Green Den has been owned by the same family for 90 years, and the sandstone walls hold decades of treasured memories within.
This colonial-style six-bedroom property can be found in Dunnottar at Stonehaven, and boasts fascinating history and original features.
The servant bells which still ring out offer a glimpse of Green Den’s past, and some fascinating visitors have crossed the threshold.
It was originally built by architect George Gregory and dates to 1901.
It has been so much more than just a house to the Elder family, who have had the privilege of residing there all these years.

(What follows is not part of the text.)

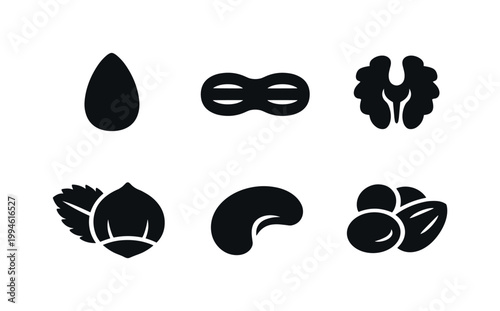 Minimal black silhouette set of natural foods including egg, bread rolls, mushrooms, fruit and nuts, arranged as simple vector icons on white background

Both Michael and David Elder have fond memories of a childhood spent at Green Den, but have decided the time has come to pass it on to a new family.

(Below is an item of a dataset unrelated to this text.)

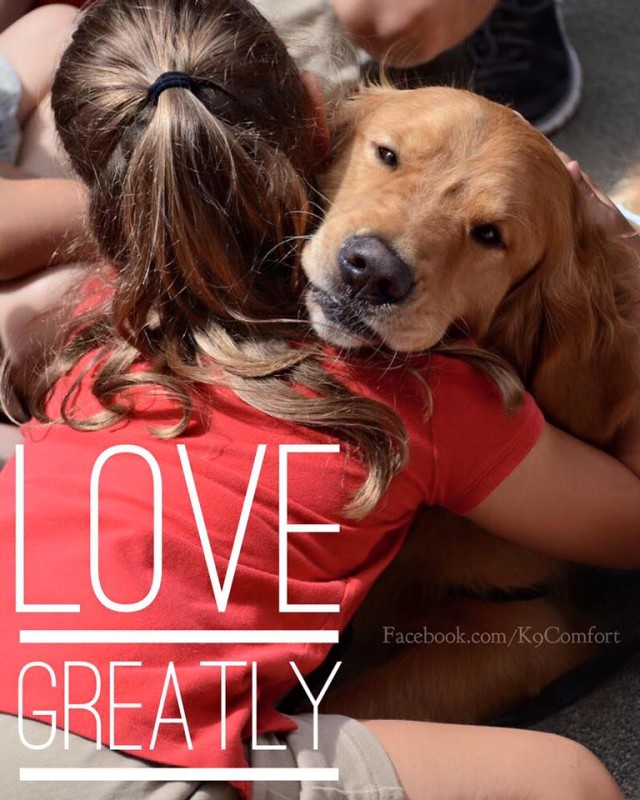 Love Greatly - Golden Retriever hugs woman - photo via KCC K-9 Comfort Dogs Facebook page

“Green Den is my favourite house in the world, and I am very sorry to relinquish it at this time,” said Michael, who is a teacher in Aberdeen.
“But myself and my brother David have decided the time is right.
“Green Den was left to us by my mother, Alice, who stayed here for as long as possible before she passed away.
“It was bought by my great grandparents in 1929.
“They lived in the house along with my grandparents, Alfred and Jeanie.
“Alfred was head teacher at Fetteresso School; we are a family of teachers, really.
“It was thanks to Alfred that Jack Hobbs visited in 1937, because the pair were old friends.
“Jack was described in the paper at the time as a former Surrey cricket star and hero of countless Test matches.
“Alfred was a passionate cricketer himself.
“He even played ad hoc matches close behind the front line, where he recorded his batting and bowling averages in the 1918 war diary that remarkably saved his life.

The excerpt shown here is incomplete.